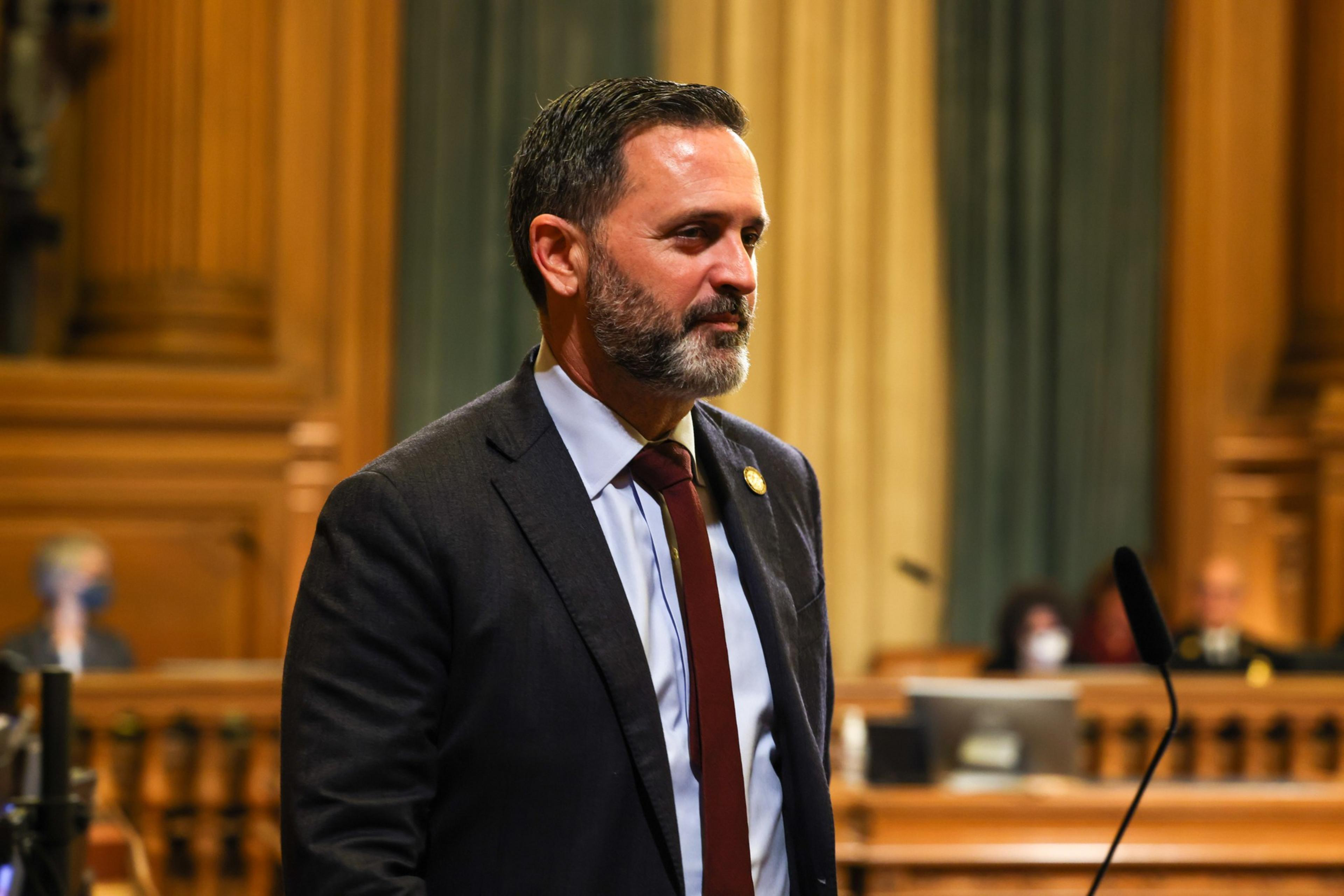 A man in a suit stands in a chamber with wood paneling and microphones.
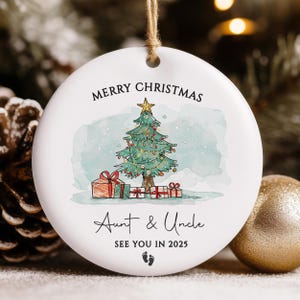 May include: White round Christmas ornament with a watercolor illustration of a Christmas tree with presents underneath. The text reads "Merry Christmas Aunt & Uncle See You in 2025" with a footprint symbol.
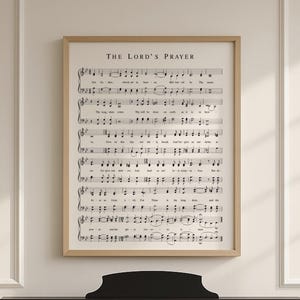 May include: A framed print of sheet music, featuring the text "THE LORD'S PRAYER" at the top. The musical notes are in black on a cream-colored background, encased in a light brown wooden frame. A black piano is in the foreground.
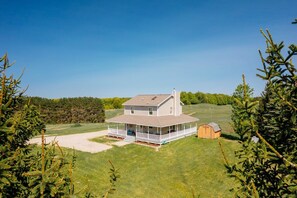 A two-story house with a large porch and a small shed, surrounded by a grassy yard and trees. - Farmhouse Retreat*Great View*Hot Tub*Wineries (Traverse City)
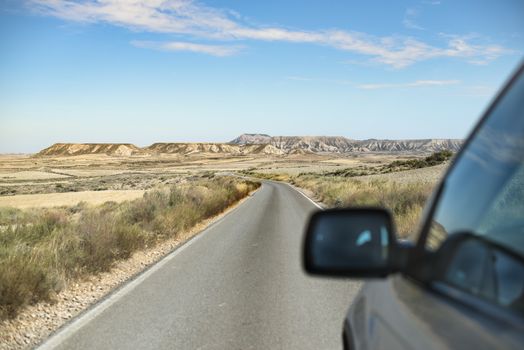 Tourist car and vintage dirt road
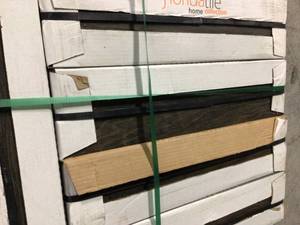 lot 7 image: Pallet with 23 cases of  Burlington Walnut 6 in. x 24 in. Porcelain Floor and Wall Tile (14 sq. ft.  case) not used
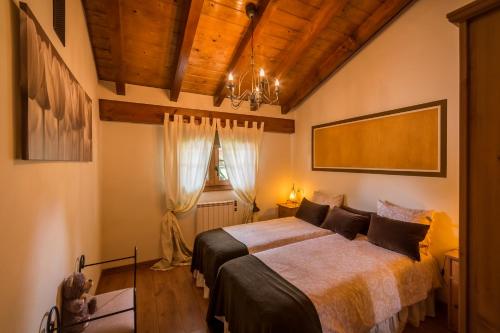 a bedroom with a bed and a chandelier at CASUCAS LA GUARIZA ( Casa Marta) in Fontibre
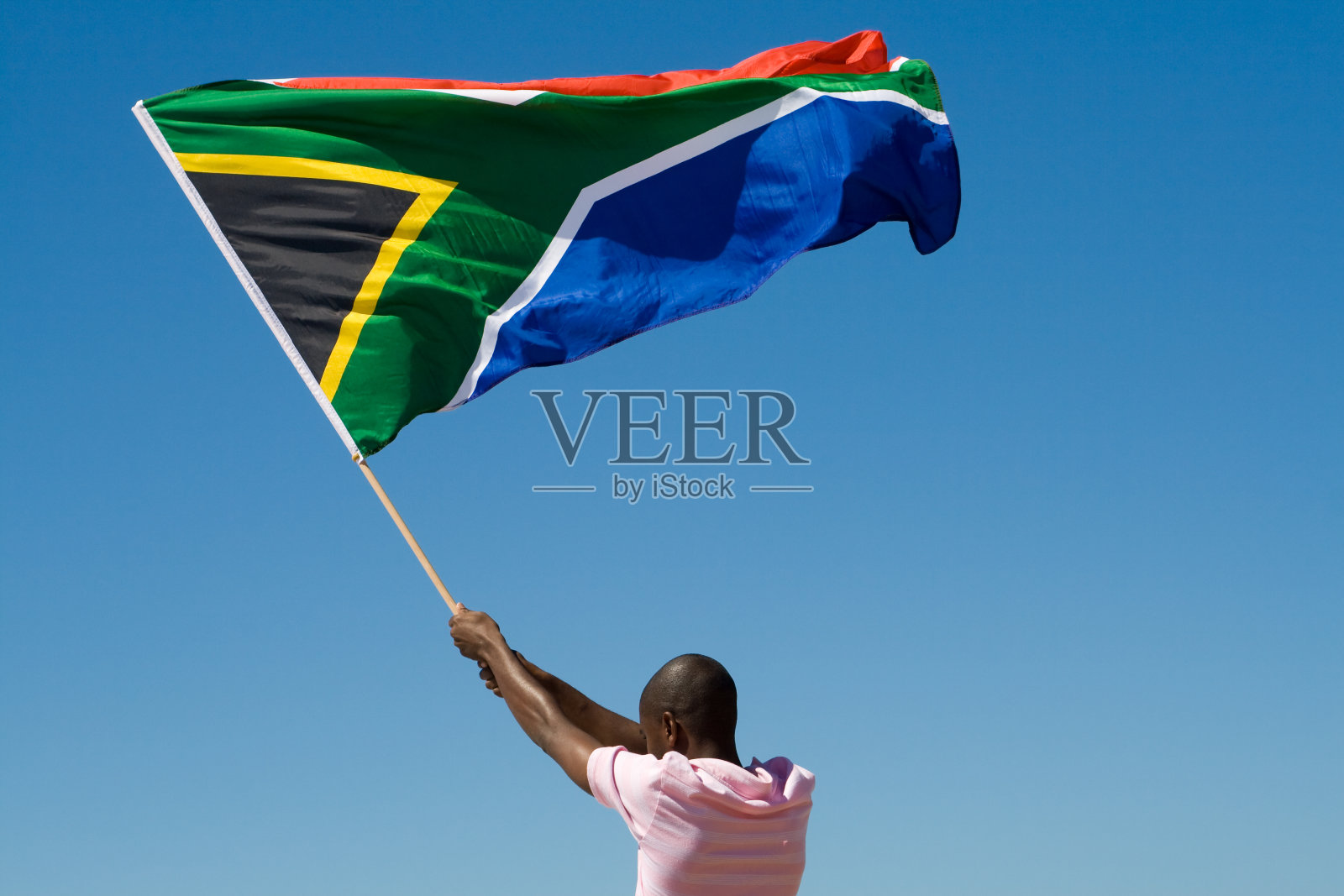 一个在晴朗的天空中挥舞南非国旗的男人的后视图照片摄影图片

:::

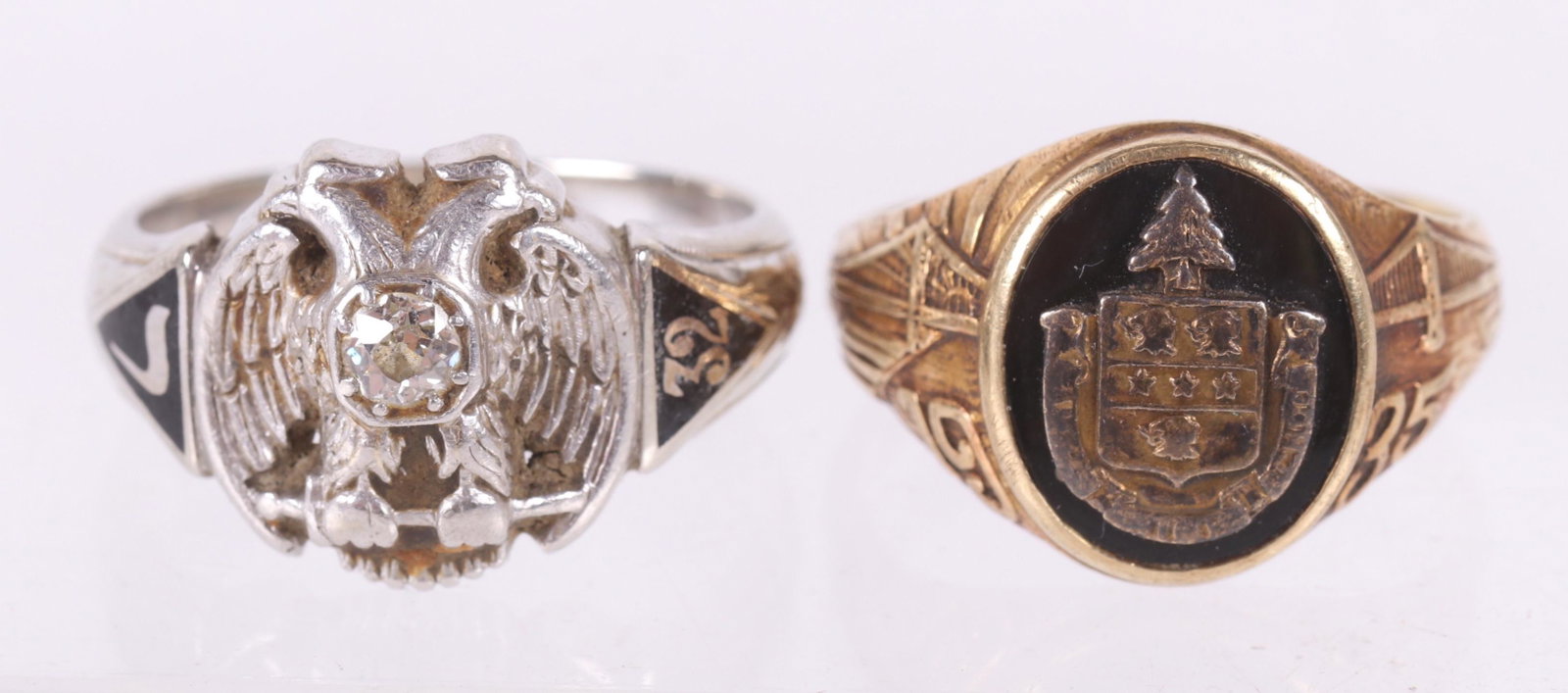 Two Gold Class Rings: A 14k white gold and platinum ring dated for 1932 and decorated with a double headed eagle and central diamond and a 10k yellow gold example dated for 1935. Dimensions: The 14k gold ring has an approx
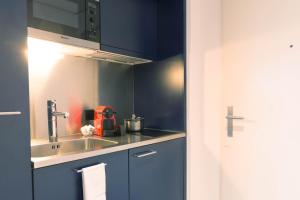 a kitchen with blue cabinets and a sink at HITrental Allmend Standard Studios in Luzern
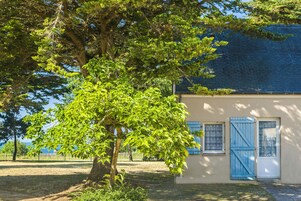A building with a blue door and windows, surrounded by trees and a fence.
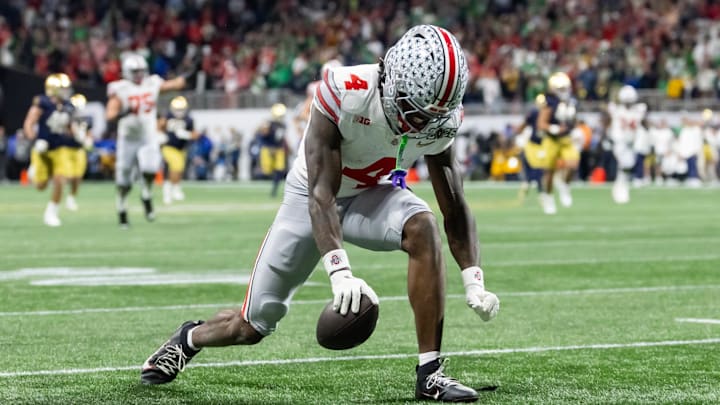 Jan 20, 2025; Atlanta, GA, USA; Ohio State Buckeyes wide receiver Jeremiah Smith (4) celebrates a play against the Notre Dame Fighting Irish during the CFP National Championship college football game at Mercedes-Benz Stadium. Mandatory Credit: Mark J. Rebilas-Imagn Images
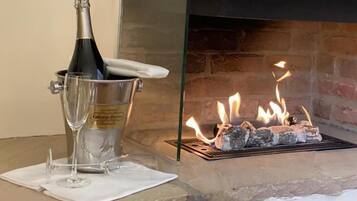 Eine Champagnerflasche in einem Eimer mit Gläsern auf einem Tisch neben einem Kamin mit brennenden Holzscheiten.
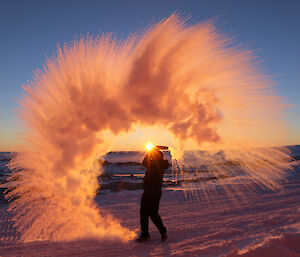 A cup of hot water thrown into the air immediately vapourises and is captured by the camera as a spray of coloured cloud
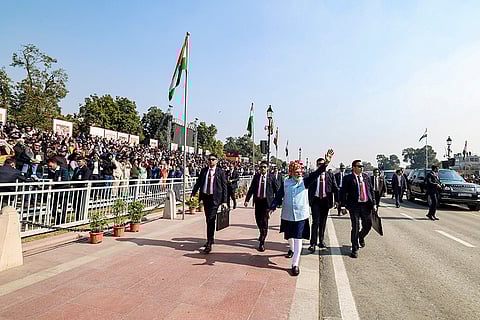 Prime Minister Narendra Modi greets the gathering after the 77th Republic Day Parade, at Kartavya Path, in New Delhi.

:::

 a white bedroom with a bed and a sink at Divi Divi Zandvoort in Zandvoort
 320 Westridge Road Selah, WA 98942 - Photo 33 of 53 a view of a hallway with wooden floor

:::

### EXERCISE OBJECTIVE
Above are the records; copy from them only the lines starting at the one containing "A man in a suit" and ending at the one containing "a bedroom with", exactly and without pictures.

### RESPONSE TO THE EXERCISE
 A man in a suit stands in a chamber with wood paneling and microphones.
 May include: White round Christmas ornament with a watercolor illustration of a Christmas tree with presents underneath. The text reads "Merry Christmas Aunt & Uncle See You in 2025" with a footprint symbol.
 May include: A framed print of sheet music, featuring the text "THE LORD'S PRAYER" at the top. The musical notes are in black on a cream-colored background, encased in a light brown wooden frame. A black piano is in the foreground.
 A two-story house with a large porch and a small shed, surrounded by a grassy yard and trees. - Farmhouse Retreat*Great View*Hot Tub*Wineries (Traverse City)
 Tourist car and vintage dirt road
 lot 7 image: Pallet with 23 cases of  Burlington Walnut 6 in. x 24 in. Porcelain Floor and Wall Tile (14 sq. ft.  case) not used
 a bedroom with a bed and a chandelier at CASUCAS LA GUARIZA ( Casa Marta) in Fontibre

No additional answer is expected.